(Captioned web images)

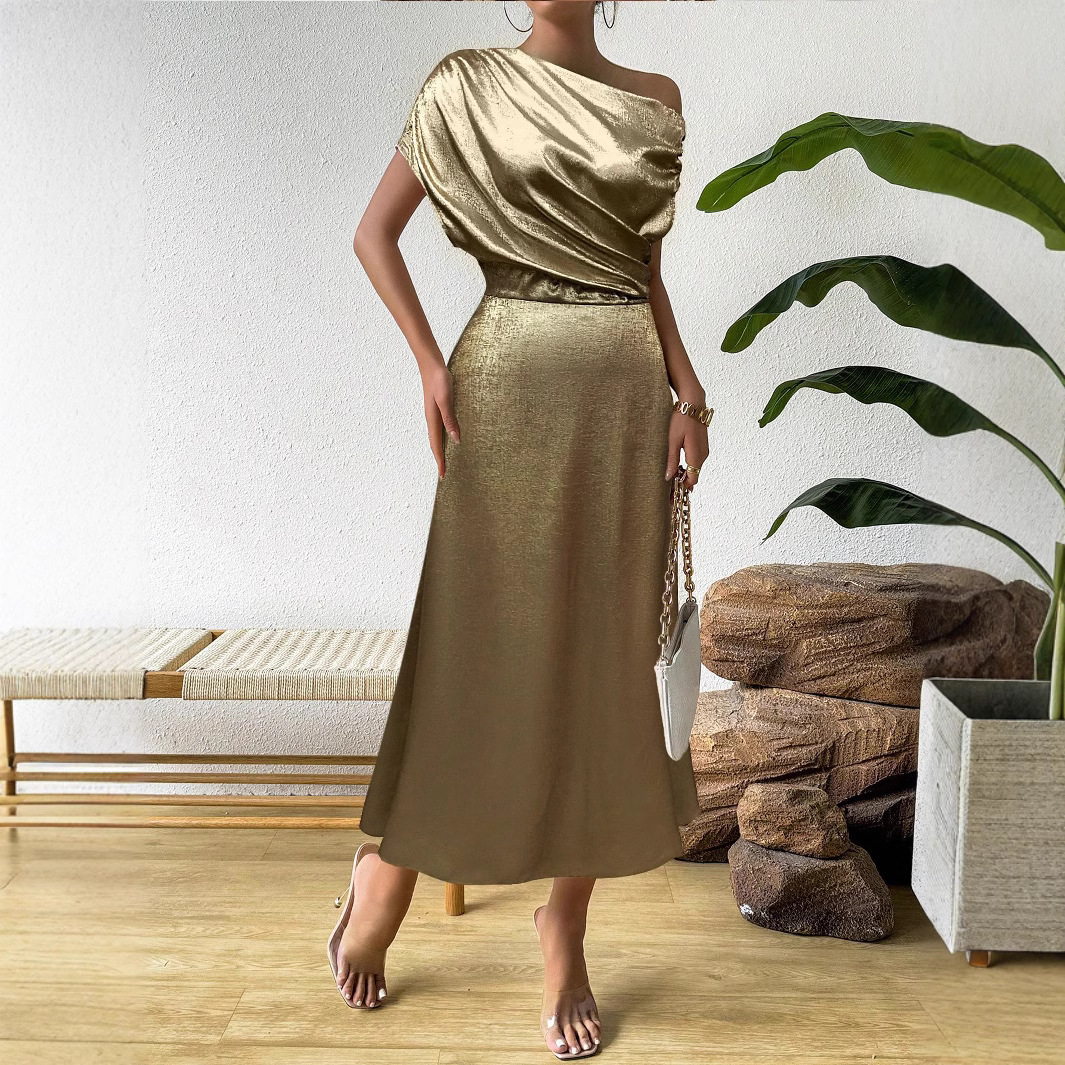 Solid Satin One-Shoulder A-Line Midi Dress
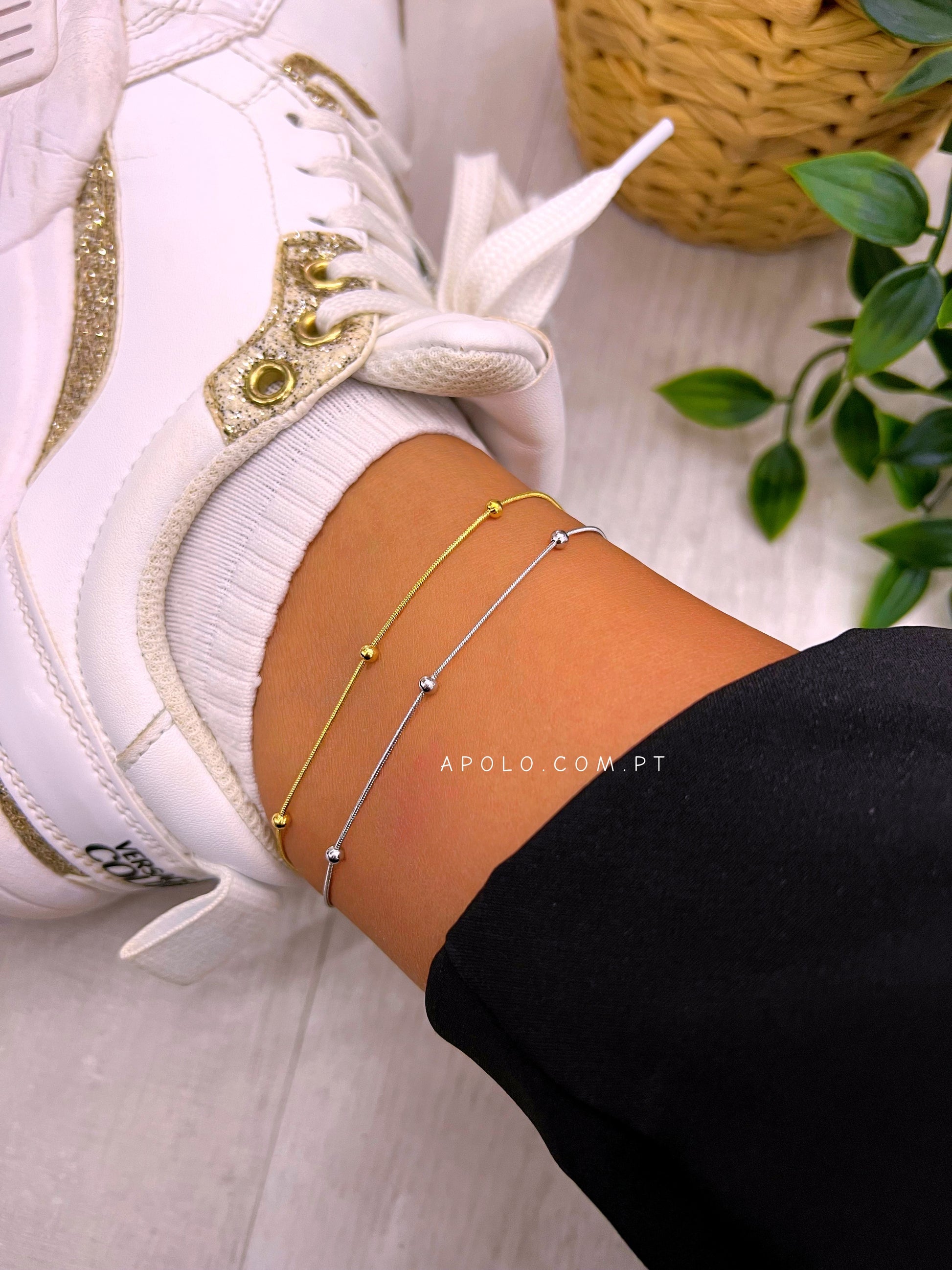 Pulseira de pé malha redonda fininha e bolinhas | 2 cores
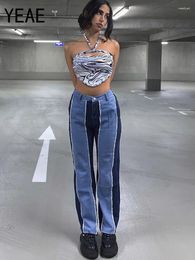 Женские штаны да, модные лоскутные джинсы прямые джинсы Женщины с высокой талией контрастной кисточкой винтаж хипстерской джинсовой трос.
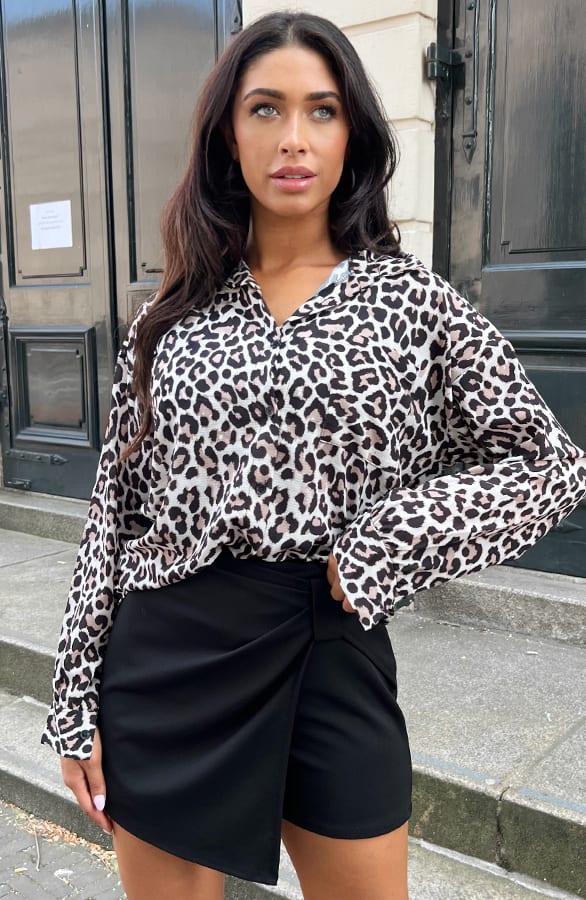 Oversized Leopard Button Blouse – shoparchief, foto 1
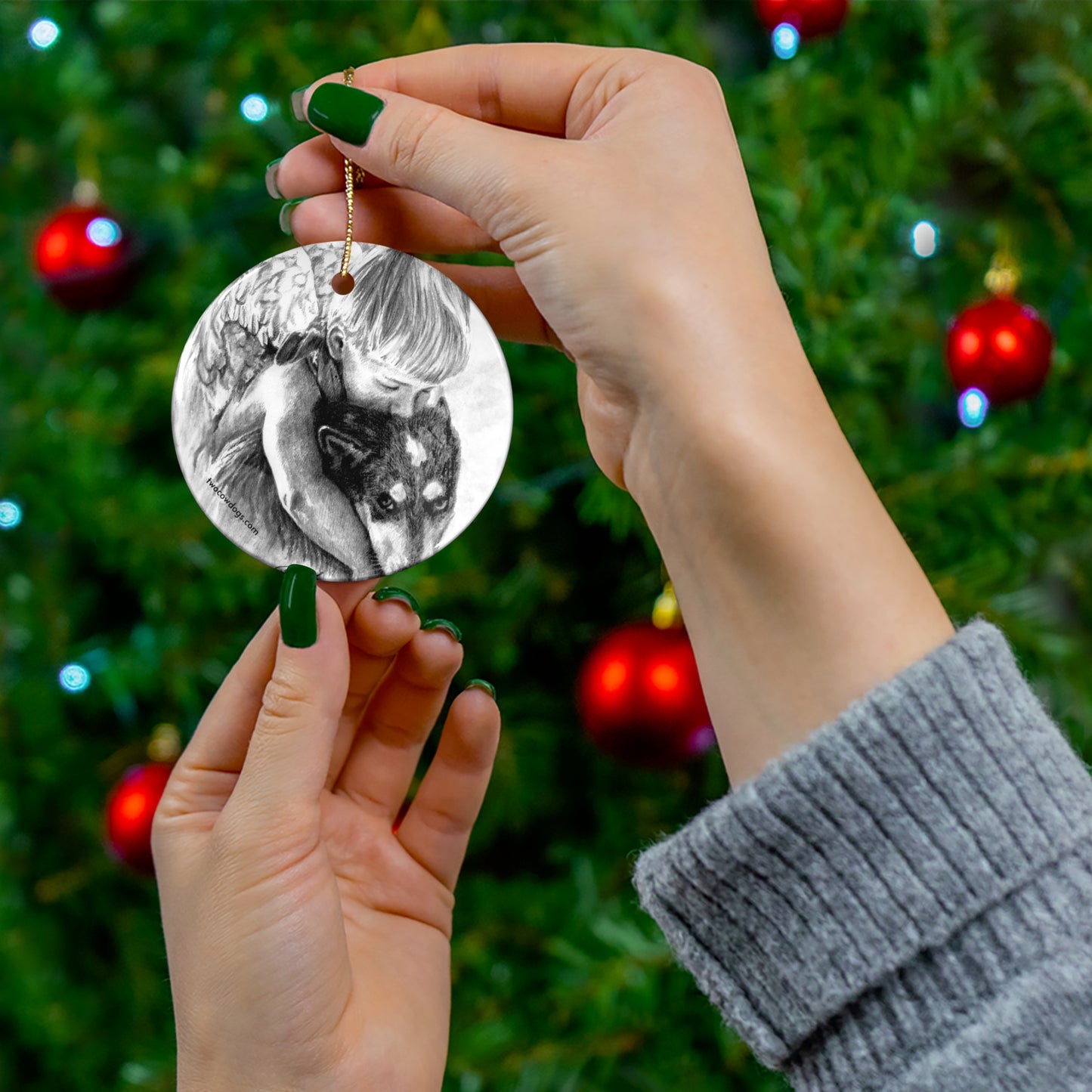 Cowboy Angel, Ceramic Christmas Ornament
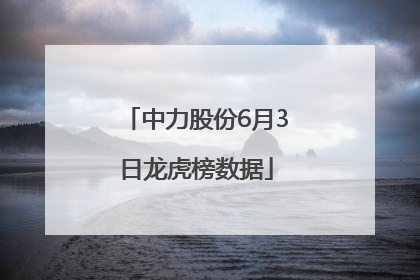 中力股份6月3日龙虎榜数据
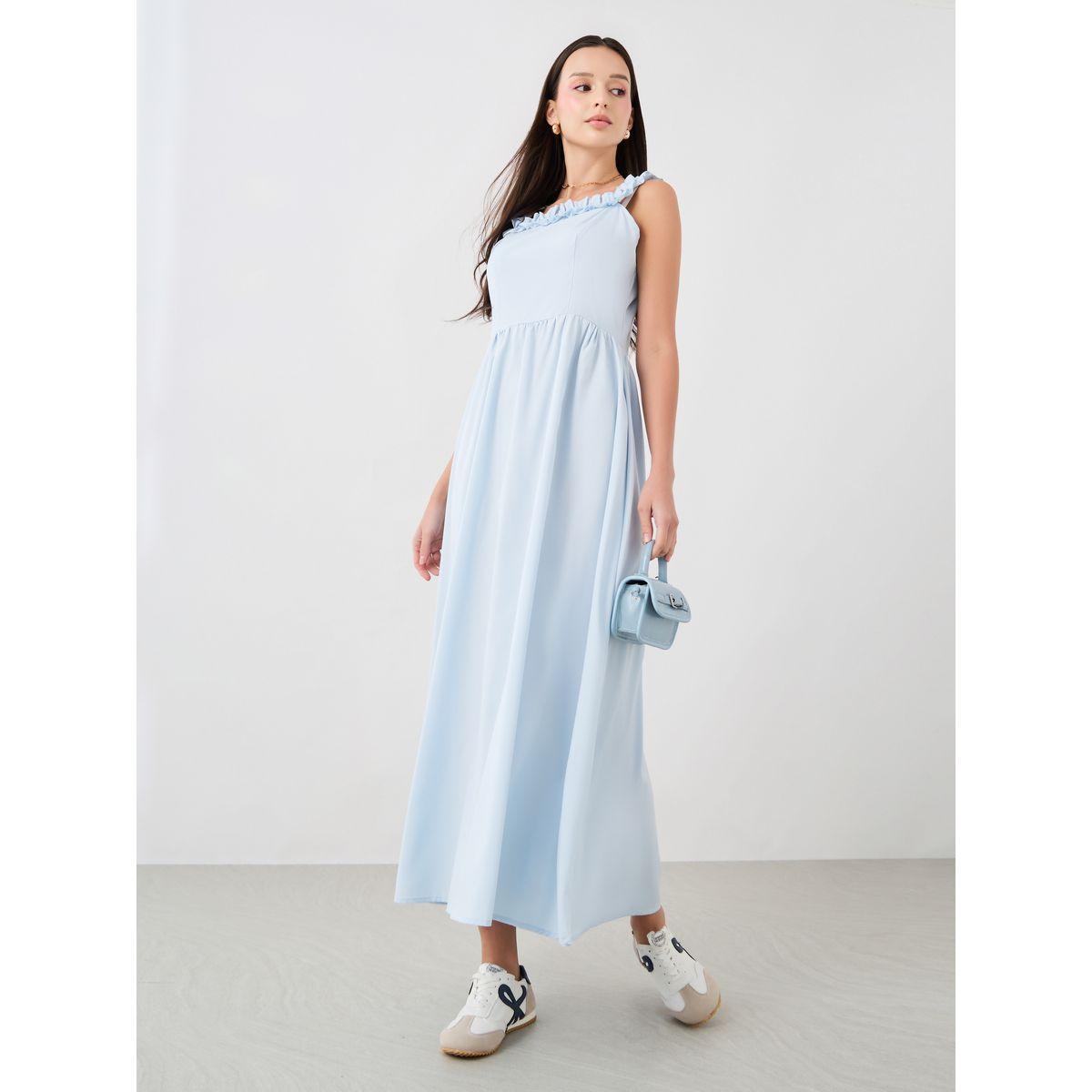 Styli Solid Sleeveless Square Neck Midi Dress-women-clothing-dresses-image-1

● **Work item**
Omit the pictures, then give all the lines above again exactly.

● **Solution**
 Solid Satin One-Shoulder A-Line Midi Dress
 Pulseira de pé malha redonda fininha e bolinhas | 2 cores
 Женские штаны да, модные лоскутные джинсы прямые джинсы Женщины с высокой талией контрастной кисточкой винтаж хипстерской джинсовой трос.
 Oversized Leopard Button Blouse – shoparchief, foto 1
 Cowboy Angel, Ceramic Christmas Ornament
 中力股份6月3日龙虎榜数据
 Styli Solid Sleeveless Square Neck Midi Dress-women-clothing-dresses-image-1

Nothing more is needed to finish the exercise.